Ese cheque en blanco tenía tan solo una condición, estaba escrita a pie de página y en letra pequeña: la tiranía siria no podía emplear armas químicas. Pero, tal es el sentimiento de impunidad de los Asad, que hasta esa condición se la han pasado por el forro. Deben de haberse dicho que seguro que esta vez tampoco pasa nada, que el flojo de Obama y los siempre temerosos europeos protestaran un poco pero no moverán un dedo, que las opiniones públicas occidentales no quieren más líos.

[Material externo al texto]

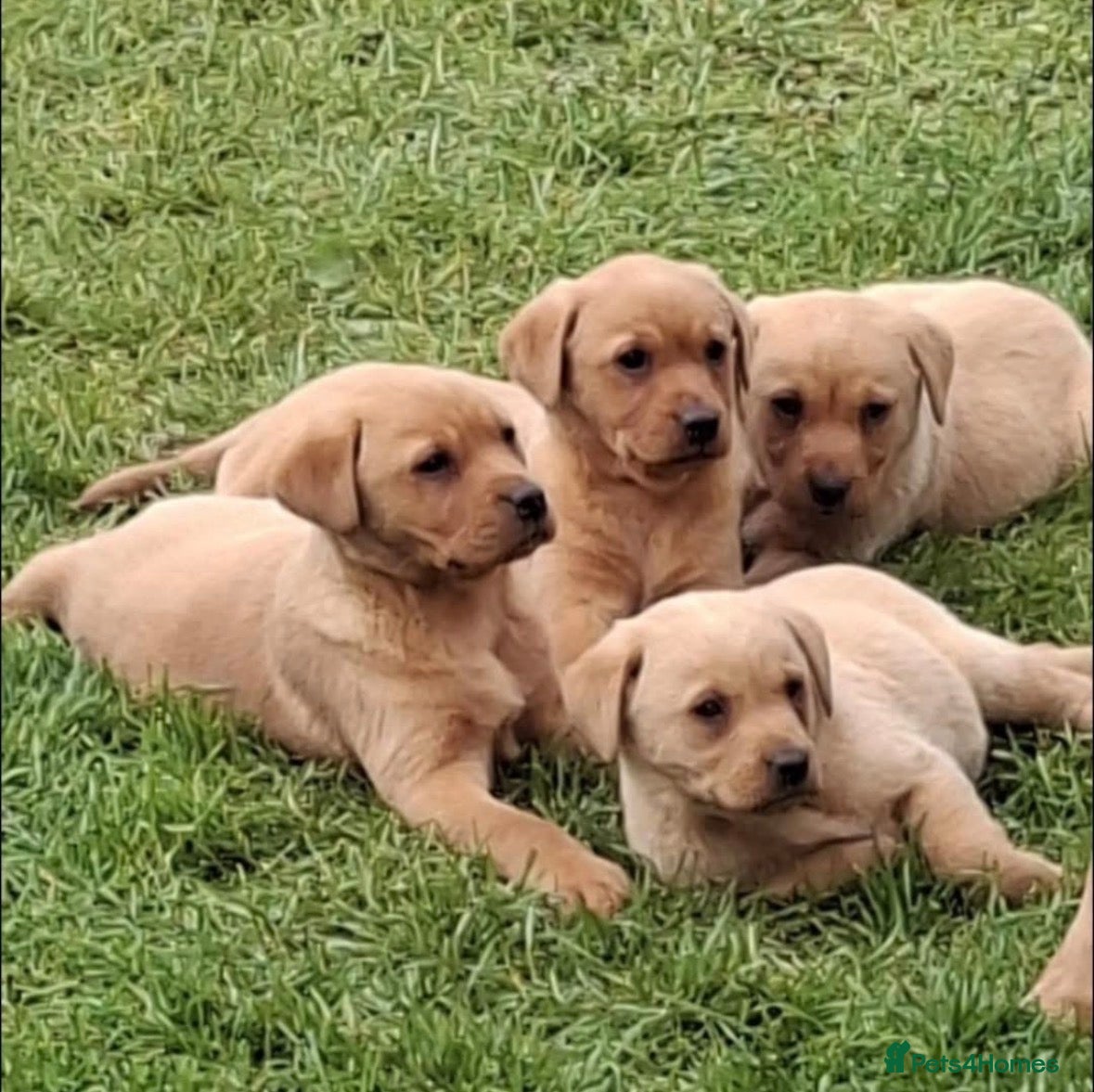 Labrador Retriever dogs Fox red labrador puppies - Advert 7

La comunidad internacional lleva más de dos años rehuyendo plantearse una posible implicación militar en Siria. Como en el caso de la guerra civil española, se han esgrimido todo tipo de pretextos para justificar la no intervención: la complicación del asunto, la extraordinaria variedad de fuerzas implicadas, las imprevisibles consecuencias internacionales, el apoyo a los villanos de poderes extranjeros, la posible victoria final de extremistas si se ayuda a los demócratas… La misma murga se escuchó durante años en las guerras que asolaron los Balcanes en los años 1990 y, mientras tanto, miles de civiles fueron muriendo violentamente. Y ya no digamos en las matanzas de Ruanda.
¿Ha ido demasiado lejos Bachar el Asad al gasear el suburbio damasceno? ¿Se está viendo obligado Obama a forjar una coalición internacional para hacer algo en Siria, muy a su pesar y en contra del deseo de una mayoría de estadounidenses? ¿Qué formas podría adoptar esa intervención? Las respuestas a estas preguntas se están fraguando estos días.
Volver a mirar para otro lado no parece una opción para Obama, Cameron y Hollande. El ridículo de los valores humanitarios y democráticos que dicen representar sería colosal si el mundo contemplara cómo una ominosa tiranía les desafía impunemente al traspasar la “línea roja” del uso de armas químicas que esos mismos dirigentes han fijado explícitamente. En cuanto al tipo de acción militar, las informaciones procedentes de Washington indican una preferencia por un bombardeo a distancia, de corta duración y sobre instalaciones militares, una especie de gran coscorrón con misiles Tomahawk y similares.
¿Podría compararse acción semejante, o incluso una de mayor calado, con la invasión de Irak de la pasada década? Parece que no: Bachar el Asad ha sido sorprendido in franganti cometiendo un delito que repugna a la conciencia civilizada universal; Sadam Husein también era un tirano, pero, en el momento de ser atacado, no estaba en guerra abierta ni con su pueblo ni con sus vecinos, ni fabricaba, almacenaba o utilizaba armas de destrucción masiva. La diferencia es capital, constituye la base del Derecho: la comisión de un delito probado debe ser castigada, pero nadie puede ser sancionado por razones “preventivas”.
Hitler se creció con la vergonzosa actitud británica y francesa en la guerra civil española y en los acuerdos de Múnich. Como dijo en su momento Churchill, las entonces potencias democráticas europeas tuvieron que escoger entre el deshonor y la guerra, escogieron lo primero y terminaron teniendo lo segundo. Al final de la II Guerra Mundial, el mundo dio un paso hacia el progreso con la introducción en el Derecho Internacional del delito de crímenes contra la humanidad. Los horrores balcánicos de los años 1990 y la vergüenza por la pasividad en Ruanda llevaron a dar otro paso con el concepto del derecho de la comunidad internacional a la injerencia por razones humanitarias en los asuntos de un país concreto. Esperar que esa injerencia se produzca con la aprobación del 100% de la humanidad es, de momento, ingenuo.